If your leaders can’t answer that, they’re starting in the wrong place.

A few weeks ago, I reconnected with a friend I hadn’t talked to in more than 25 years. We were great pals growing up—camp friends turned real-life friends in our early 20s—and then, like it happened so often back then, we lost touch. It’s hard to explain to anyone under 30 how easy it was to disappear before the digital age. I changed my phone number and moved, and just like that, someone could vanish from your life. No drama, no falling out. Just… gone.

Naturally, what brought us back together was summer camp. My friend’s youngest son was heading off to sleepaway camp for the first time, and as my friend tried to calm his nerves, he told him about how camp can be such a wonderful place to make great new friends. That memory nudged him to find me on LinkedIn (thank you, algorithm!), and within days, we were catching up like no time had passed.

That’s what happens in summer. Kids and adults alike travel to new places, have different experiences, meet strangers and, hopefully, make new friends. Building new relationships is fundamental. It’s how we connect, collaborate and survive. And at some point, along the way, we established that talking about the weather isn’t the only way to begin an interaction with another human—unless you’re a Southerner or Midwesterner.

“Where are you from?”

“What do you do?”

“How’d you get into that?”

These are ageless prompts for developing new relationships. They aren’t just icebreakers. They’re also how we build trust. Connection comes from learning someone’s story: where they’ve been, what they’ve experienced, what they care about. Before you know it, you find some common interests, and that’s how friendships are forged. Building rapport through language and conversation has been a winning formula for over 100,000 years.

Now consider what it’s like when someone doesn’t follow the formula. They dodge every question. You can’t get a sense of who they are. Now, if you’re just making small talk on a beach or a plane, it’s easy to conclude they’re just not in the mood to chat. Fair enough. But what about in a professional context? Picture someone at a conference or trade show. You ask where they’re from, who they work for and what they do. Instead of answering and returning the questions, they launch into jargon, strategy and what they plan to do next. Or, worse, imagine a job interview. You ask a standard “tell me about a time when” behavioral question. They respond with, “I’m focused on the future.” You probably end up feeling like something’s off—they don’t have the right experience for the role, or maybe they’re even hiding something. Interview over.

Now imagine that person is a company. I don’t mean to channel Mitt Romney when he said that corporations are people, but unfortunately a lot of companies do behave like that standoffish stranger on the plane or cagey interviewee, especially when they’re trying to sell themselves. They leap ahead to innovation, expansion and transformation yet skip the stories that build belief.

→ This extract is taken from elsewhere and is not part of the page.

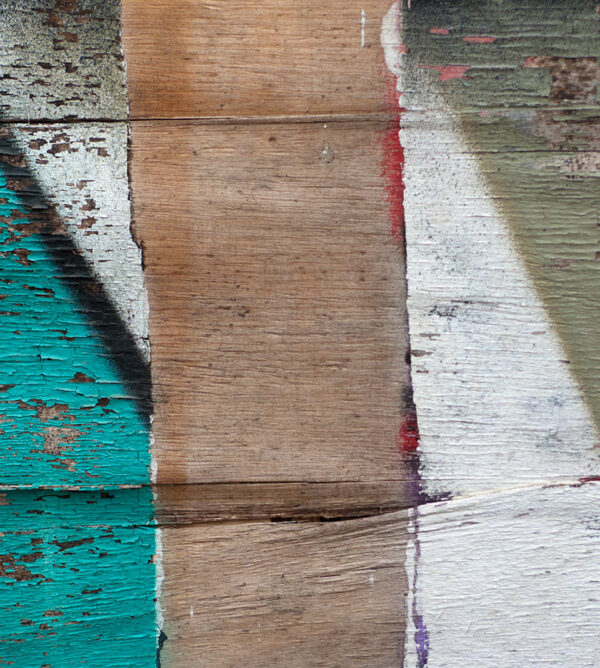 Untitled 4. Ruptura series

Leaders can be especially guilty of this misstep. Maybe they don’t want to focus on predecessors. Maybe they fear it’ll make them look backward. Or maybe—after years of acquisitions and turnover—they simply don’t have access to the memories. Maybe they can’t answer the simple questions like, “Where are you from?” and “How long have you been around?”

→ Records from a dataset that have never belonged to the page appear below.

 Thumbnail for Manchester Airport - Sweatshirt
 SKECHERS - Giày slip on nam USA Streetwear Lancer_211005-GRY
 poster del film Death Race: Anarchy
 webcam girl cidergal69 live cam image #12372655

These aren’t trivia questions. They’re trust signals. They’re the types of cues that help people decide whether to engage with a brand, buy into a company or believe in a leader. As Gallup’s Vibhas Ratanjee recently wrote in Forbes, “Purpose becomes powerful when it becomes shared memory.” It’s not enough to announce your values—you have to show how they were shaped, lived and tested. In the article, titled “How Corporate Memory Drives Purpose, Culture And Employee Engagement,” Ratanjee recounted conversations with archivists and historians from IBM and Marriott about how these companies “lead with more clarity” by “building shared memory” that “gives people a place inside the organization’s long story.” History Factory’s new white paper, “How Smart Leaders Leverage Heritage Management To Create a Better Future,” echoes many of these sentiments.

So if your company were a person—at a barbecue, sales pitch or job interview—how would it do? Would it build rapport? Earn trust? Pass the behavioral interview? Or would it talk a lot, say very little and wonder later why no one followed up?

Our research has consistently found that consumers and employees alike want to know about your history—74% of consumers are interested in brand origin stories, and 85% of employees say knowing their company’s history creates a better work environment.

In other words, people want to know: So… where’re you from? And how did you get here?